* _EXERCISE OBJECTIVE_
The records below hold a stretch from the line with "ブルペンで投球を受ける坂本（撮影・西田忠信）" through the line with "Футболка оверсайз женская"; return exactly those lines, ends included, and nothing more.

Segment Start: MATERIAL FOR THIS EXERCISE

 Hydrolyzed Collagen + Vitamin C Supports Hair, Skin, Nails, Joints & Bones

Segment End: MATERIAL FOR THIS EXERCISE
Segment Start: MATERIAL FOR THIS EXERCISE

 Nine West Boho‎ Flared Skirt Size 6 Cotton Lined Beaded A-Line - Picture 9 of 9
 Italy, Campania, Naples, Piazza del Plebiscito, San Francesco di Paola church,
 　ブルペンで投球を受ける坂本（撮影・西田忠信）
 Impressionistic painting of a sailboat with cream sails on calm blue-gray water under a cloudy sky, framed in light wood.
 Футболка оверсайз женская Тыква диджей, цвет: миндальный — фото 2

Segment End: MATERIAL FOR THIS EXERCISE
Segment Start: MATERIAL FOR THIS EXERCISE

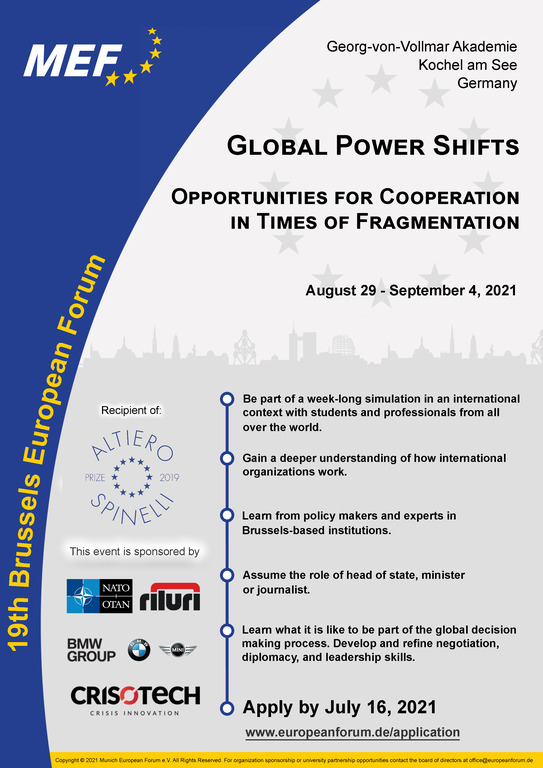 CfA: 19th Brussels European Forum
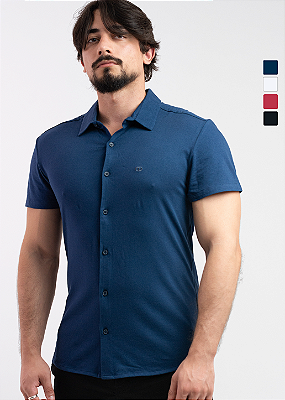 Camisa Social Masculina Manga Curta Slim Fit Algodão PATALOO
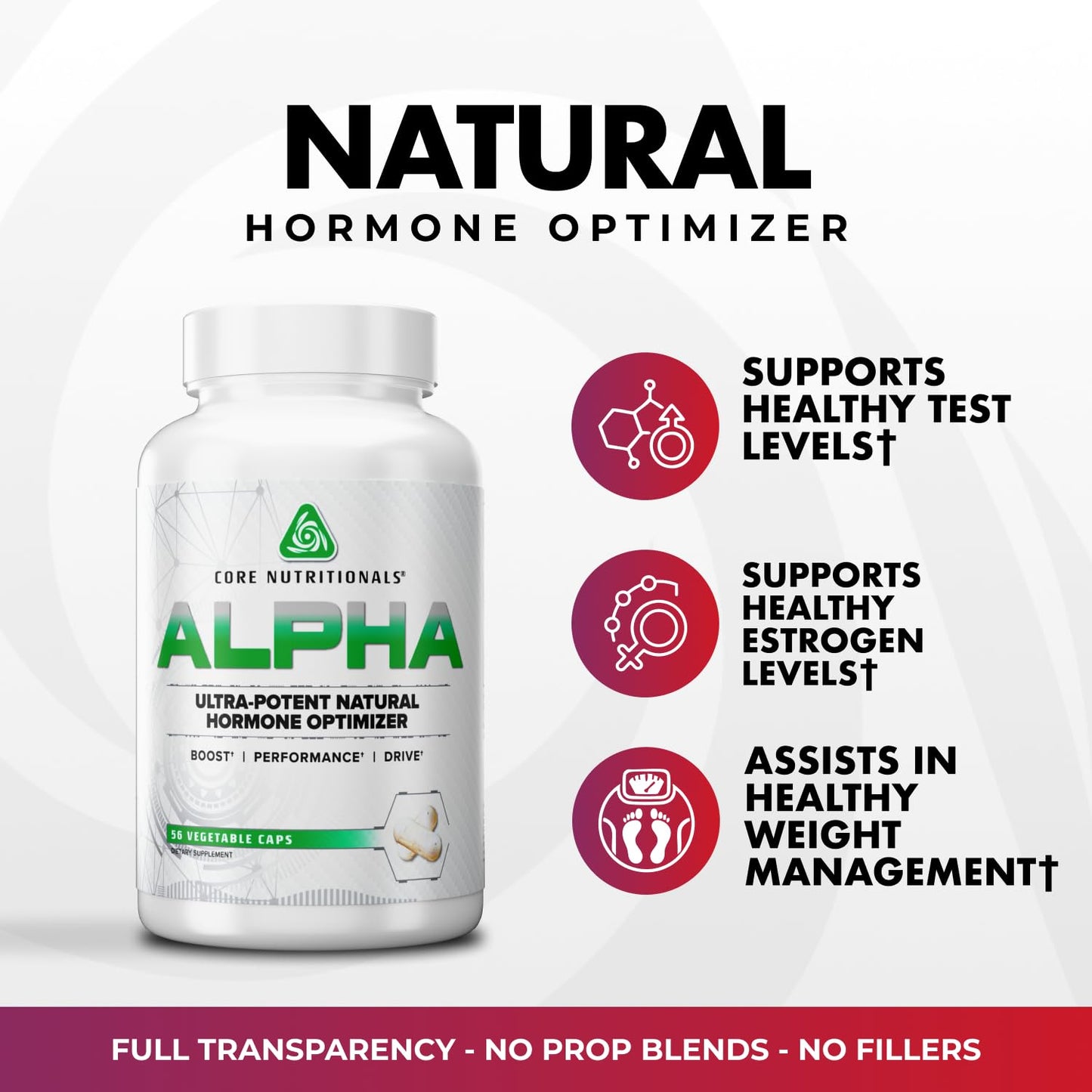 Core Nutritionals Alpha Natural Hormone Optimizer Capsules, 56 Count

Segment End: MATERIAL FOR THIS EXERCISE

* _FINISHED TASK_
 　ブルペンで投球を受ける坂本（撮影・西田忠信）
 Impressionistic painting of a sailboat with cream sails on calm blue-gray water under a cloudy sky, framed in light wood.
 Футболка оверсайз женская Тыква диджей, цвет: миндальный — фото 2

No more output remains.